3. On the other hand, even those in Jesus' group also believed that Jesus of Nazareth was the messiah. Because they had believed that very thing [about Jesus], bulging out their chests with great expectation they had been following him and were about to go to Jerusalem. Since the messiah would be arriving in Jerusalem, they believed that a turning point in salvific events would be taking place there.
4. But, when these people had heard the shouts of "O son of David, have mercy on me!," they scolded the blind beggar and tried to silence him. What does this mean? It would be the same as saying that the messiah [as] the son of David did not come to have mercy on the likes of blind beggars like you. "This [great] One has come for very great things to do.
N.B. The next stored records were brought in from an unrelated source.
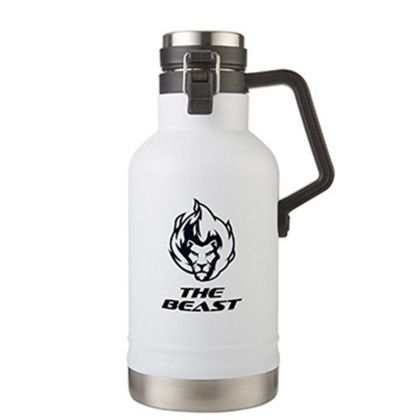 Custom 64 oz. "The Beast" Double Wall Stainless Steel Growler - Matte White Custom 64 oz. "The Beast" Double Wall Stainless Steel Growler - Matte White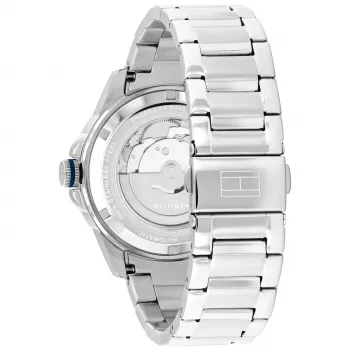 Tommy Hilfiger vyriškas laikrodis 1710695 42mm mėlynas ciferblatas plieninis tinklelis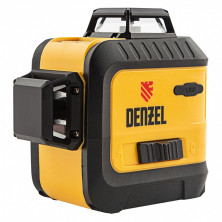Лазерный уровень Denzel LX 360-3 Red мультипризменный 35077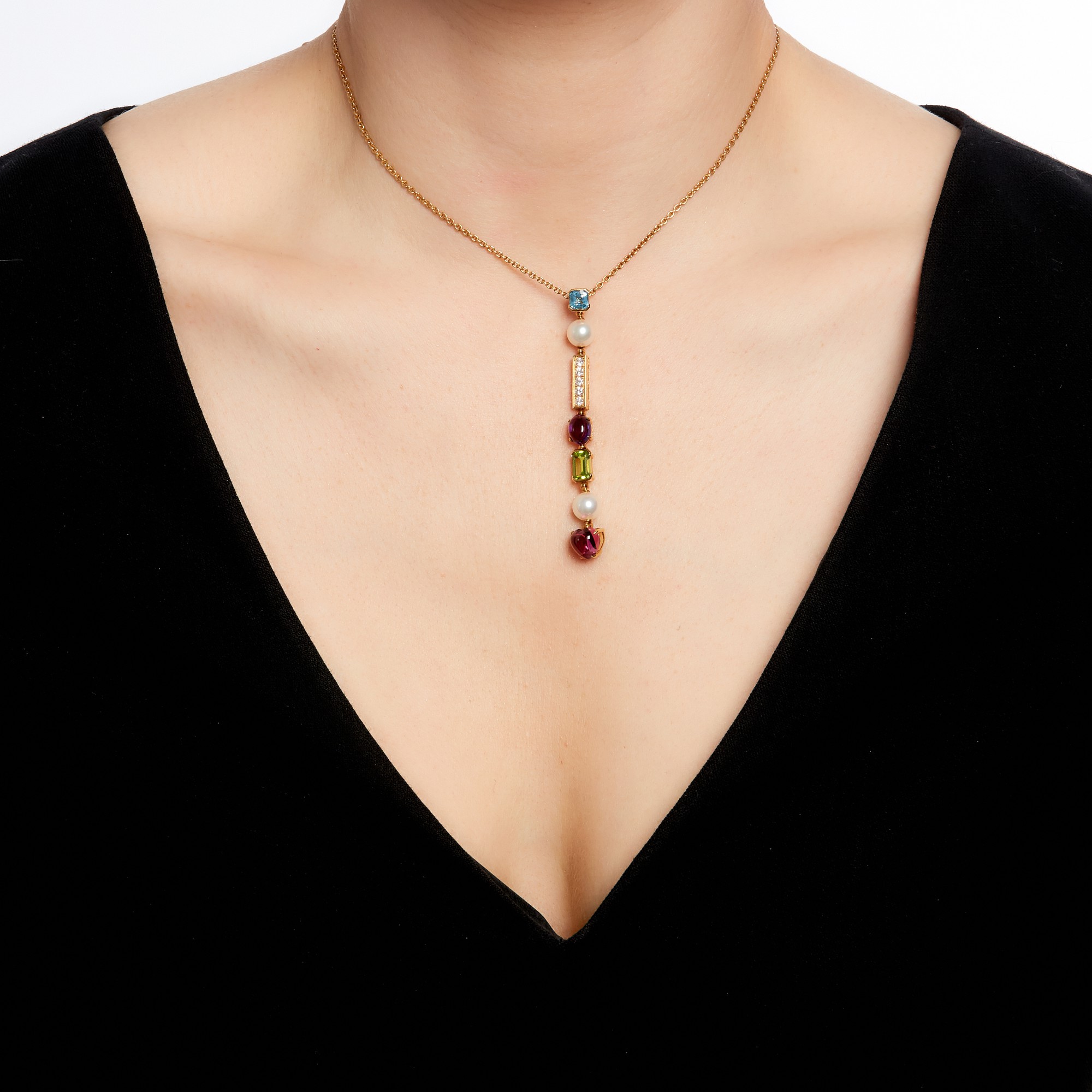 Gem set pendant necklace, 'Allegra' Fine Jewels 2021 Sotheby's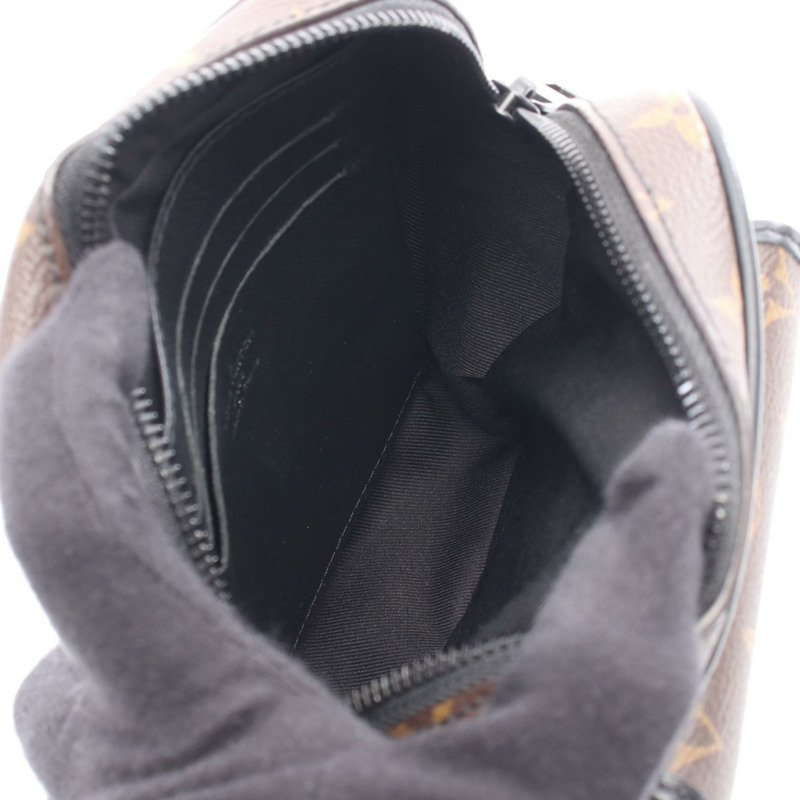 路易威登 Christopher 穿戴式皮夾肩包 M69404 Monogram Macassar-2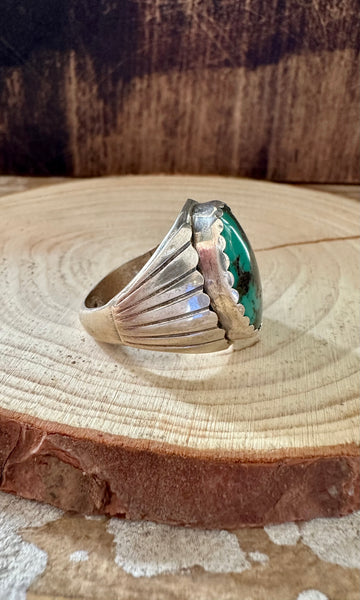 ALVERY SMITH TIBETAN Turquoise Ring • Size 12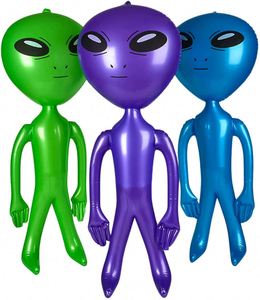 Muñeco Alienígena Inflable Verde con Ojos Grandes para Niños, Compañero de Sueños Espaciales - Product Image 4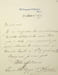 Lettre autographe sign&eacute;e. Louis-Philippe d'Orl&eacute;ans (1838-1894), prince, pr&eacute;tendant au tr&ocirc;ne, petit-fils de Louis-Philippe Ier, comte de Paris. 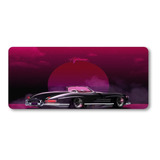 Mousepad Xxl 80x30cm Cod.508 Retro Wave Auto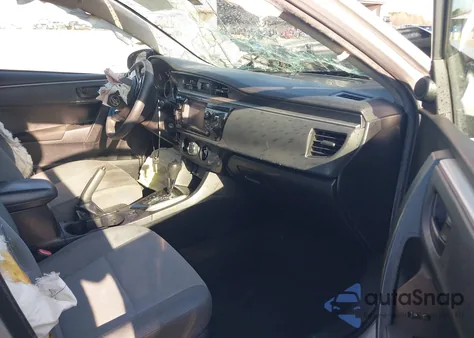 2016 Toyota Corolla L из США, поврежденный, VIN 2T1BURHEXGC559914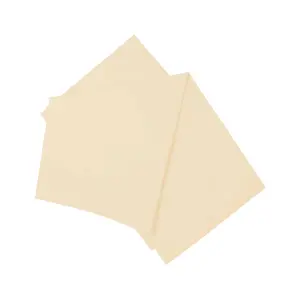 Belledorm Brushed Cotton Fitted Sheet Cream (Superking)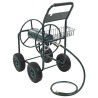 Chariot dévidoir avec connecteur de tuyau 1/2" 75 m Acier 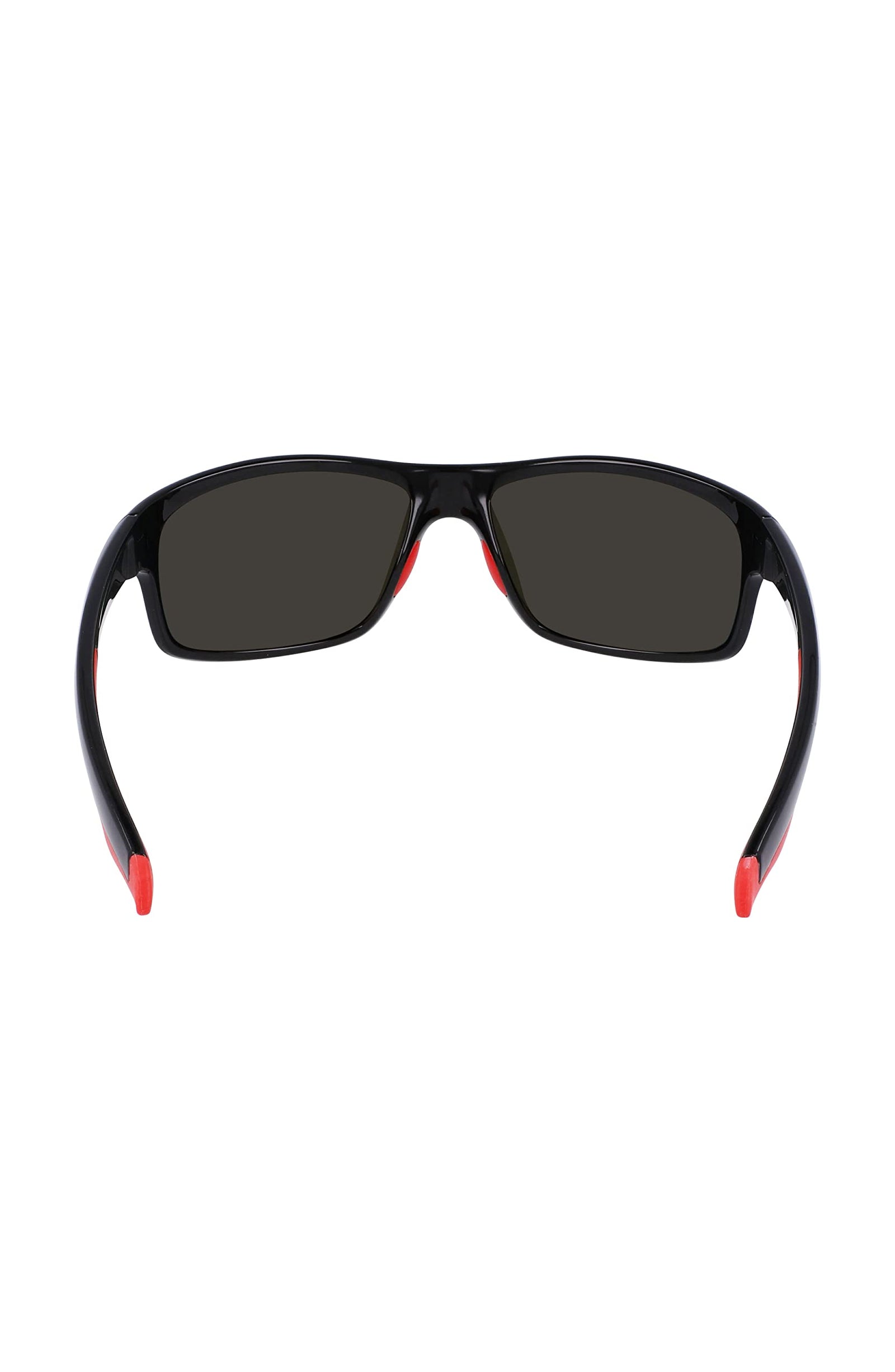 Columbia Men's Burr Polarized Rectangular Sunglasses, Shiny Black & Red/Orange Revo, One Size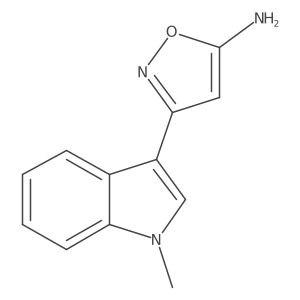 3-(1-methyl-1H-indol-3-yl)-1,2-oxazol-5-amine结构式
This [great] One has no time to deal with you or anyone like you. Because that's how they were thinking, they scolded the beggar. They tried to shut him up.
5. There were people who had been scolded even before this. It was the people who had brought the children to Jesus (10:13). It was the disciples who did the scolding at that time. [The Lord] doesn't have time to have anything to do with the children. Don't bother the messiah. That's probably what they meant to say. When you think about it, it looks like either the disciples are the ones who scolded the blind beggar here or at least the disciples looked like they had an interest in those who were willing to make the man quiet.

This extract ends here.